Kimsenin “yaşam” garantisi yok.
Ama bu topraklar öyle çılgın bir hal aldı ki…
Nicedir kadınların hayatı yok zaten…
Çocukların da maalesef olmadı, çocukluklarını bile yaşatmaz hale dönüştük!
Yok işte.
Kız çocukları.
Erkek çocukları.
Genç kızlar.
Kadınlar.
Katlediliyor.
Yoklar!
Yetmemiş olacak ki sokak hayvanlarına bulaştı ellerimiz.
Yaşar Kemal boşuna söylememiş: “Bu ülkede dört şey olmayacaksın: Kadın, çocuk, ağaç, sokak hayvanı.”
Kadın, çocuk, ağaç zaten tamamdı(!), sokak hayvanları da eklendi. Dört dörtlük isabet.

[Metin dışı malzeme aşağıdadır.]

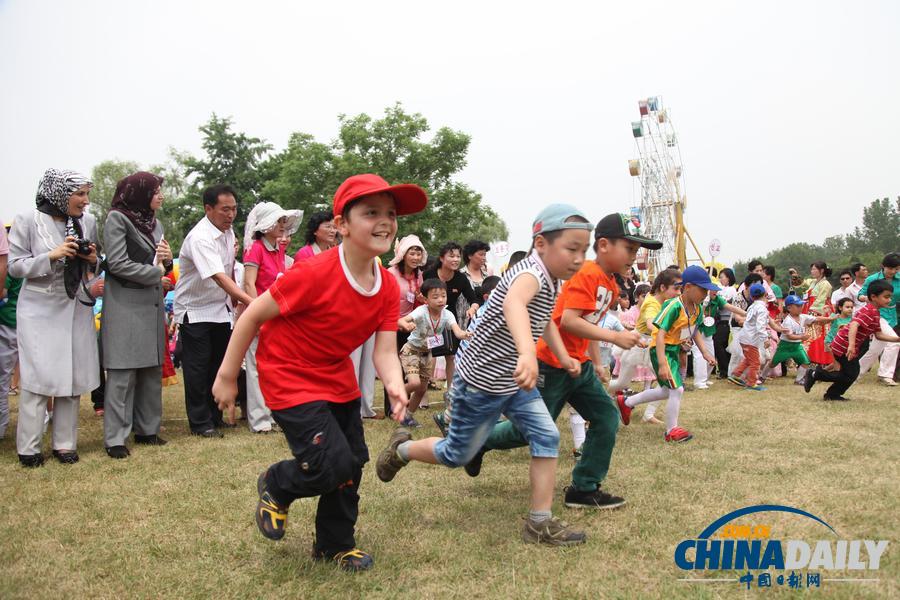 朝鲜庆祝儿童节 外国小朋友参加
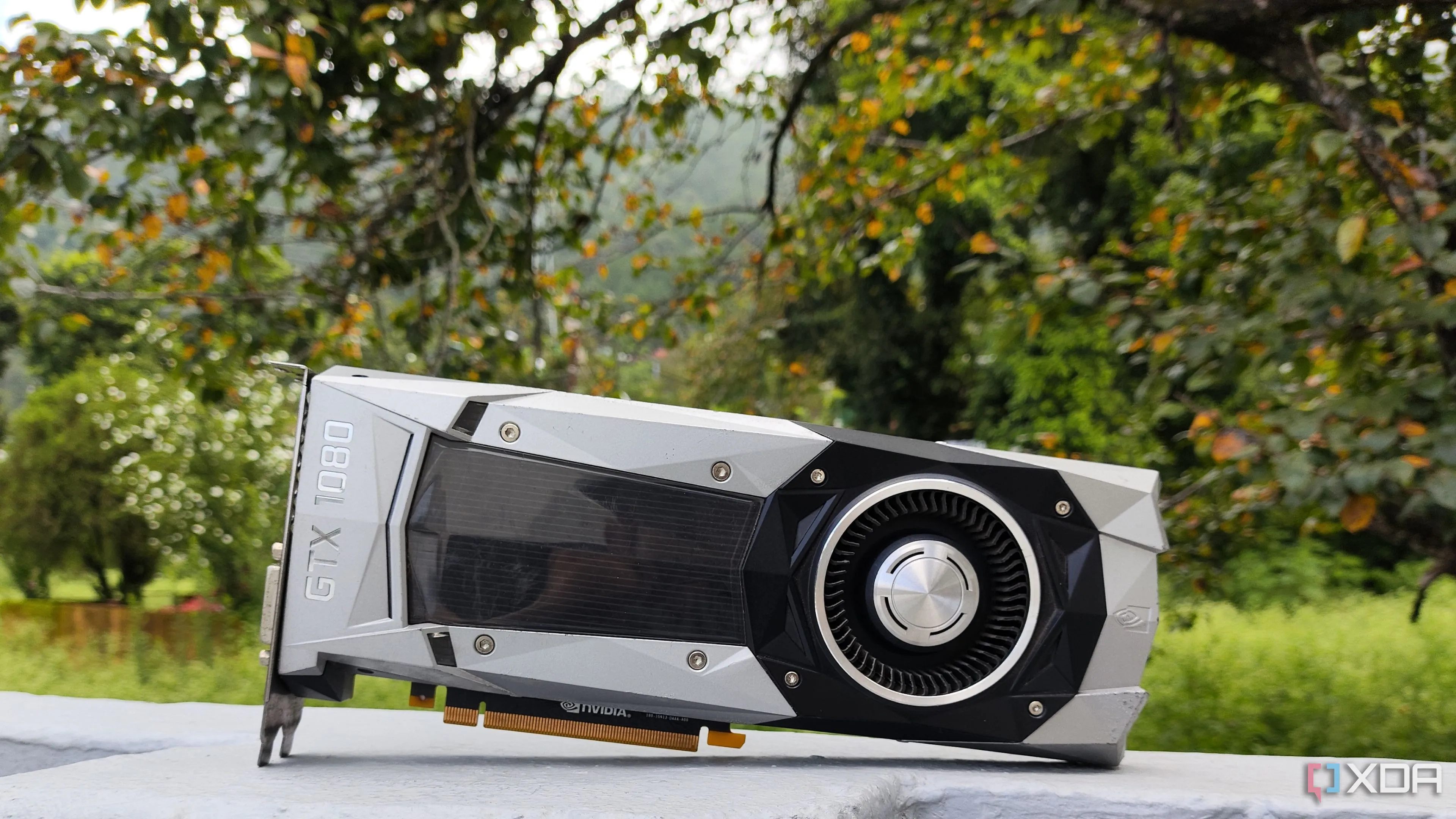 Card đồ họa GTX 1080 phiên bản Founders Edition, minh họa cho linh kiện GPU cũ vẫn còn giá trị sử dụng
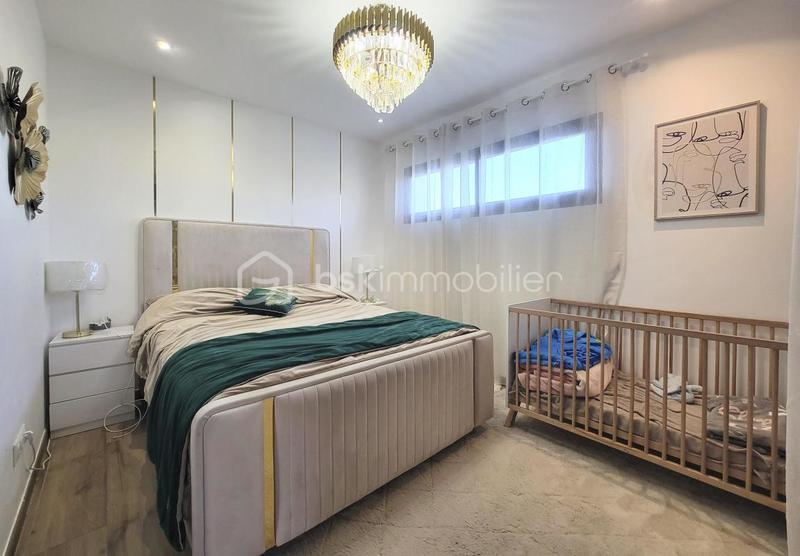 Villa - 141 m² - 5 pièces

Toplumu iyi tahlil etmenin sonucudur bu.
Görmek isteyen için her şey ortada.
Ama siyasetin kör bakışı maalesef tamamen kendi kulvarına yönelik hareket ettiği için zamanında Uğur Mumcu’dan Necip Hablemitoğlu’na kadar nice isim tarikat tehlikesine dikkat çekerken görmezsen eğer; göz göre göre gelmedi mi işte darbe girişimi?
Narin topraklar buraları…
Hani sosyal medyada yazıyor ya vatandaş…
Atla uçağa dört saat batıya uç Norveç… Dört saat doğuya uç Afganistan… Bir taraf 100 yıl ileride, diğer taraf 1000 yıl geride…
Tam da ortasında kalınca böyle oluyoruz işte.
Çünkü eğitim, bilgi ve doğrulukla beslenmiyoruz. Eski GK Başkanı eğitimin amacı “bilgi” değildir diyebiliyor. Bir rektöre afakanlar basabiliyor okumuşlar konu olunca!
Haliyle, tamamen kendini karıştırmakla meşgul ülke.
Bile bile yapılan hatalar silsilesi bir türlü sonlanmıyor.
İstense Norveç gibi olabilecek potansiyele sahipken bir bakıyorsunuz inanılması güç şekilde üçüncü dünya seviyesine inmişiz.
Özgürlükler, hukuk, eğitim, sağlık, üniversite, adalet, medya, diplomasi, dışişleri, Meclis…
Nereye baksan tel tel…
Pek çok alanda 20 yıl önceki halimizi mumla arar olduk, ekonomideki tabloyu tümüyle ayırın bir de, öteki tarafa koyun…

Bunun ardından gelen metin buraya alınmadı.